H. W. Janson

Horst W. Janson ( as an author mostly HW Janson, also Peter Janson, full name Horst Janson Woldemar; born October 4, 1913 in St. Petersburg, † 30 September 1982) was a German - American art historian, curator and professor.

Life

Janson was born in St. Petersburg. His parents were originally from Scandinavia. The October Revolution prompted the family to move to Germany in 1917. In Hamburg Janson attended the Wilhelm-Gymnasium, from which he graduated in 1932 with the Abitur. He studied in Munich in 1932 and from 1933 in Hamburg, with Erwin Panofsky until his emigration. Nazism was hostile to Janson and changed his first name Horst in response to the Horst Wessel song in Peter from. For political reasons, he emigrated in 1935 with support from Alfred Barr in the United States and continued his studies at Harvard University continues; parents and a brother who fell in 1943, remained in Germany.

At Harvard University put Janson 1938, the Master's examination. He was from 1936 to 1937 assistant at the Fine Arts Department at the Worcester Art Museum from 1936 to 1938 adjunct professor and lecturer and 1938-1941 Lecturer at Iowa State University. In 1941, he married Dora Heineberg. In the same year Janson was appointed in 1941 as Assistant Professor at Washington University in St. Louis. With the dissertation The Sculptured Michelozzo di Bartolommeo Works of Janson in 1941 or 1942 his doctorate. His son Anthony was born in 1943; In the same year Janson received U.S. citizenship.

At Washington University, he was a member of the Art Collection Committee, the 1945 task was to reshape the extensive art collection. Janson was since 1944 curator of collections; He was the driving force for the selection and purchase of modern art. The University auctioned not in the collection matching works. Among the works was sold with $ 23,000 Frederic Remington's Dash away hey Timber of 1889 as revenue camper, along with other works from the 19th century by artists such as Rosa Bonheur, Dwight William Tryon or Horatio Walker.

With the acquisition of more than 40 prints, paintings, and sculptures, mostly on Jansons proposal, founded the Art Collection Committee 1945/1946, the first collection of modern art at the University in St. Louis. These included works by Georges Braque, Theo van Doesburg, Max Ernst and Joan Miró. American representative of abstract expressionism like Jackson Pollock refused Janson, as he renounced works of German New Objectivity. 1949 Janson moved to the New York University, where he taught at the Institute of Fine Arts.

Janson published a number of essays on the Renaissance and modern art, including the Magazine of Art His major work was the 1962 published book History of Art, which until 1982 had a circulation of 2.5 million copies and has been published in 14 languages.

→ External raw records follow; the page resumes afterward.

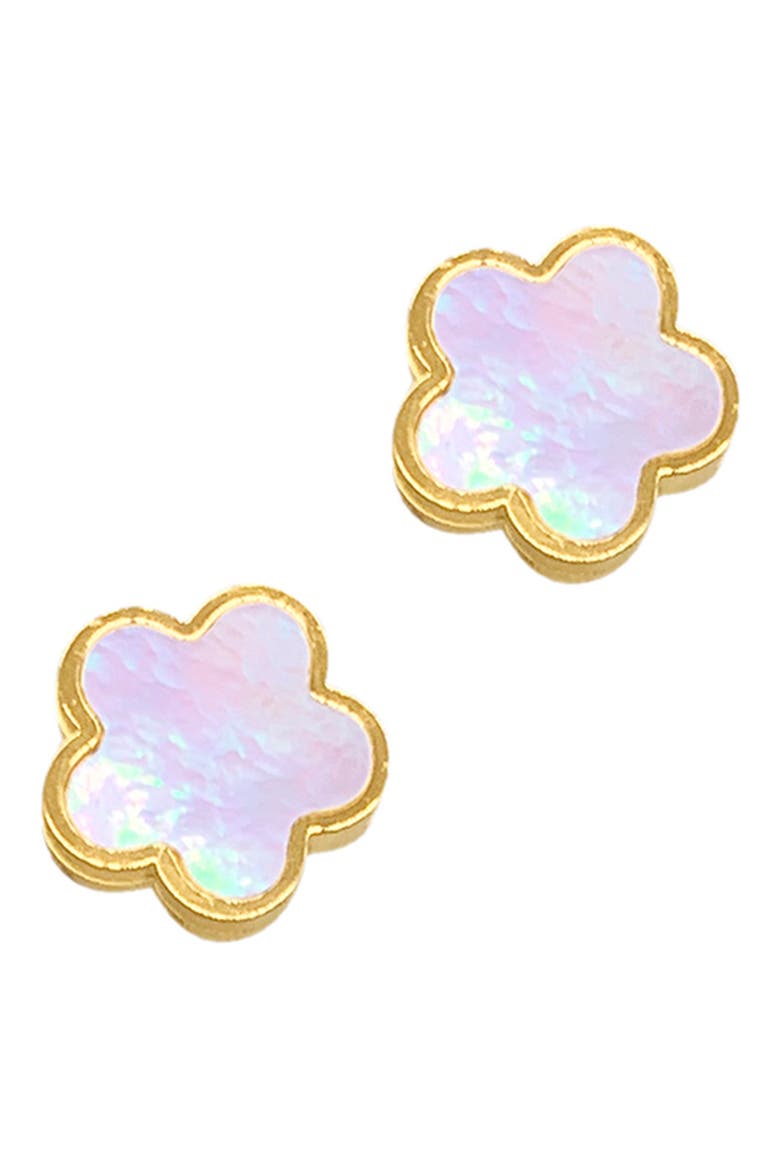 14K Gold Plated Clover Stud Earrings, Main, color, WHITE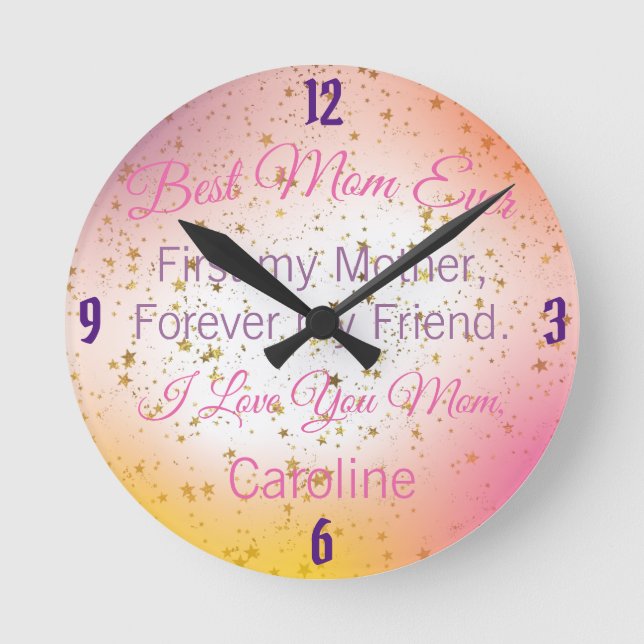 Horloge Ronde Best Maman Ever Mothers Day Quota Modern Cute (Recto)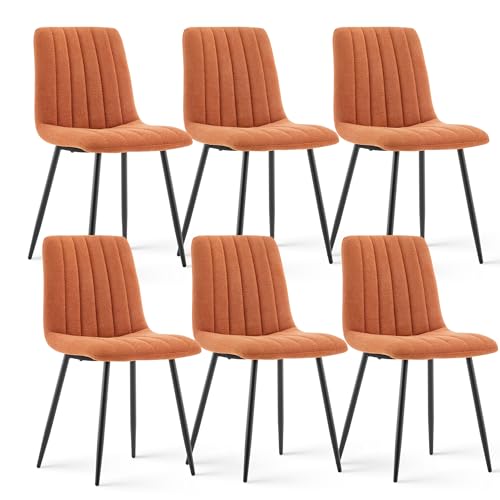 CLIPOP Esszimmerstühle 6er Set,Chenille Gepolsterte Küchenstühle mit Stabilen Metallbeinen, Lounge Wohnzimmerstuhl für Zuhause, Büro und Hotel (6er Set, Chenille Orange) von CLIPOP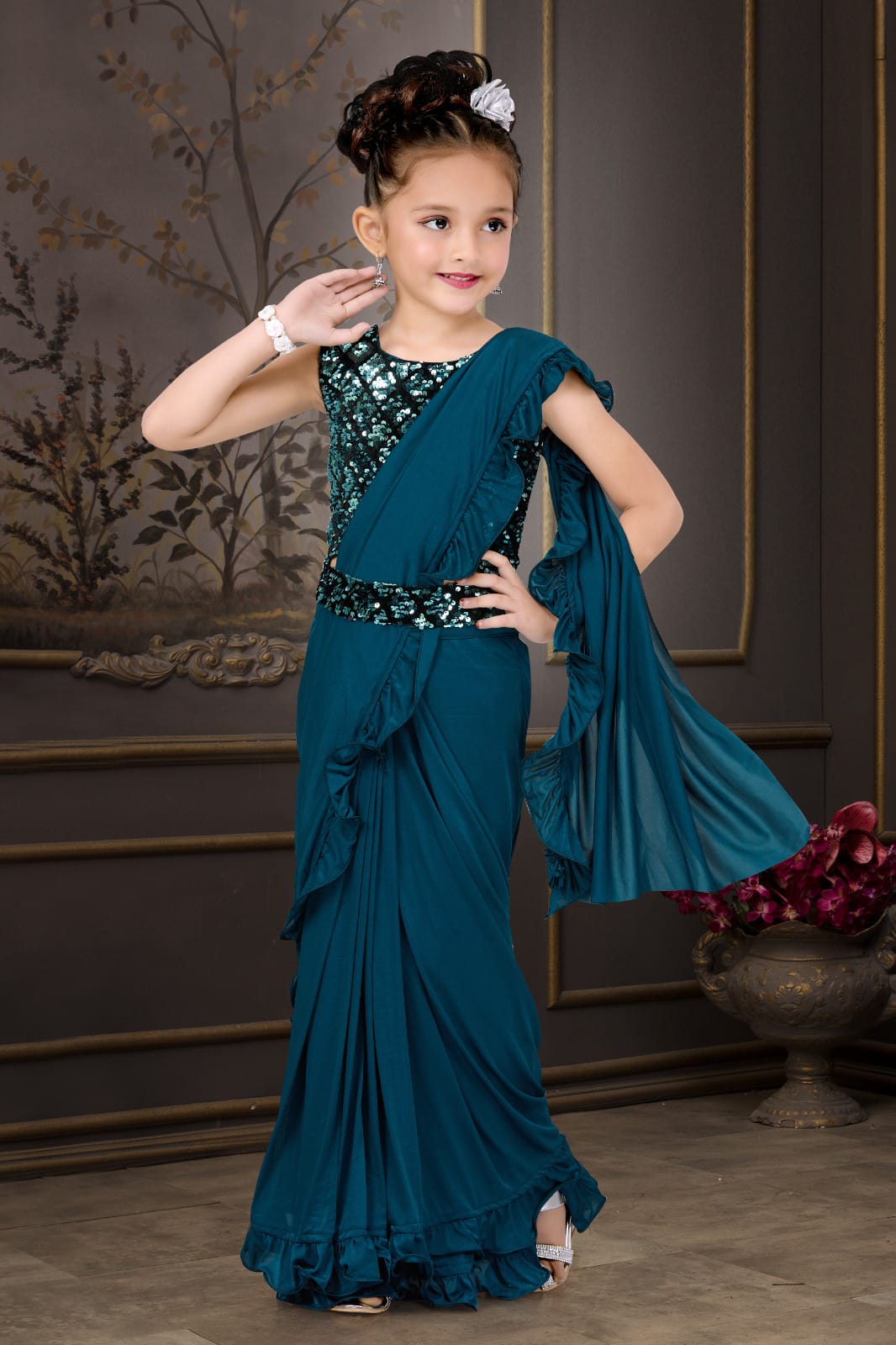 Readymade Saree  in Peacock Blue/Teal Shade for Girls, Indian Ethnic Outfit, GRL #1258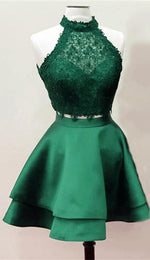 Cargar imagen en el visor de la galería, A Line High Neck Lace Crop Satin Homecoming Dresses Two Piece
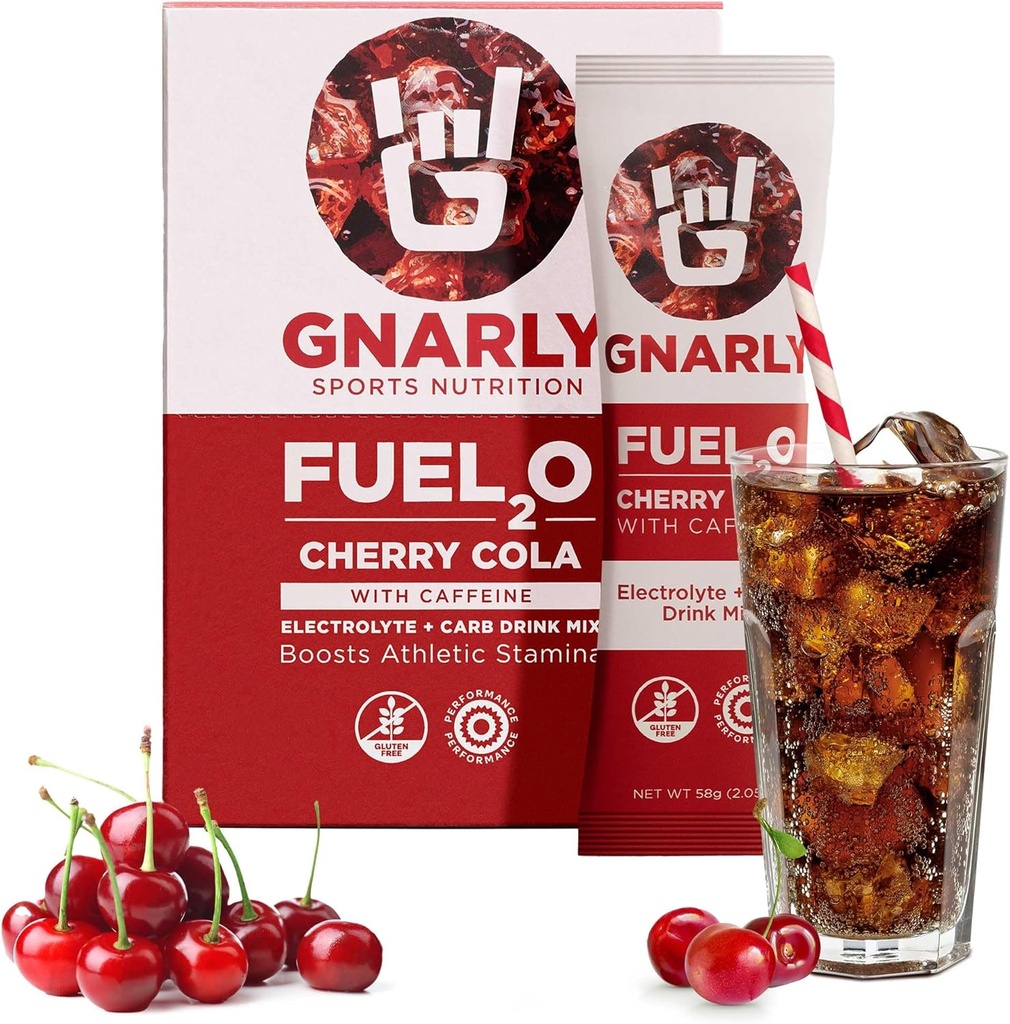 Gnarly Διατροφής Καυσίμου2O Ηλεκτρολυτών Powder Packs, Cherry Cola – Ηλεκτρολύτη Λύση, Καύσιμα, Replenishment, και Ανάκτηση – Καυσίμου2O Διατροφή αντοχής – Cherry Cola, 10-Pack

Janson died on September 30, 1982, when he was traveling in a train from Zurich to Milan.

Aftereffect

The exhibition " Exile and Modernism - HW Janson and the collection of the Washington University in St. Louis " was shown in Germany in 2005 /2006. Exhibition venues were the Opel Villas in Rüsselsheim, the Anger Museum in Erfurt, the Kunsthalle St. Annen in Lübeck and the Museum of Contemporary Art in Freiburg. The exhibition included works by artists such as Max Beckmann, Lyonel Feininger and Jean Hélion to Jackson Pollock.